With the jolt of September arriving, I'm realizing I've let a lot of things slide the last month or so, including my sketching. So yesterday I planned my walk for city beach with the idea I would also stop to sketch one of the big shelters there. It's those big supporting timbers set at angles that I've been studying as I pass by, but I'm also intrigued by the grand swoop of the roof. I had the same problem as when I sketched the train station - did not get proportions started correctly and ran out of room to get the full width of the rooflines and those timbers. I instinctive start at the top when perhaps I should start by sketching in the widest part of my subject. All part of the learning process. It was a gray day but not too cool to be in shirt sleeves.

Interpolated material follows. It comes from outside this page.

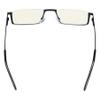 CessBlu Blue Light Filter Glasses Men Women Reading Computer Half-rim Reader Eyeglasses(Black) +4.0 view 3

The life guards are no longer on duty and only a few people splashing about in the water, but still there are people enjoying the park. I added the bits of color once home.

I've run across another "in praise of sketching" blog post, so am sending you over there to read. It comes again from Austin Kleon but he quotes from Roger Ebert (the late film critic) and how he got into sketching, why he kept it up. Interesting to hear some of the same observations about sketching that I've heard from so many other quarters and have experienced myself, but this time not from someone who was also an artist of some kind. Here's a taste:

"That was the thing no one told me about. By sitting somewhere and sketching something, I was forced to really look at it, again and again, and ask my mind to translate its essence through my fingers onto the paper. The subject of my drawing was fixed permanently in my memory. Oh, I “remember” places I’ve been and things I’ve seen. I could tell you about sitting in a pub on Kings’ Road and seeing a table of spike-haired kids starting a little fire in an ash tray with some lighter fluid. I could tell you, and you would be told, and that would be that. But in sketching it I preserved it. I had observed it.
I found this was a benefit that rendered the quality of my drawings irrelevant. Whether they were good or bad had nothing to do with their most valuable asset: They were a means of experiencing a place or a moment more deeply. The practice had another merit. It dropped me out of time. I would begin a sketch or watercolor and fall into a waking reverie. Words left my mind. A zone of concentration formed. I didn’t think a tree or a window. I didn’t think deliberately at all. My eyes saw and my fingers moved and the drawing happened. Conscious thought was what I had to escape, so I wouldn’t think, Wait! This doesn’t look anything like that tree! or I wish I knew how to draw a tree! I began to understand why Annette said finish every drawing you start. By abandoning perfectionism you liberate yourself to draw your way. And nobody else can draw the way you do."
 Go read the entire post here, which includes some additional links.

4 comments:

June said...

love the quote and think it's right on the mark. In addtion, while I understand your problem about getting the positioning of your sketches onto your page (I'm working on the same thing at this very moment), in this case, I think going off the page is very effective. It makes the roof even more delicious and I didn't notice the posts until I read your comments. Nice job and you've read your Ebert, so you know, regardless of what praise comes your way, you've already accomplished what you needed to.

Christine Staver said...

Good to see you sketching again. Love the quotes. Boy finish every drawing is an interesting idea. I wonder how many I have started and quit on in my life. At least I no longer tear them out of my sketchbook like I used to.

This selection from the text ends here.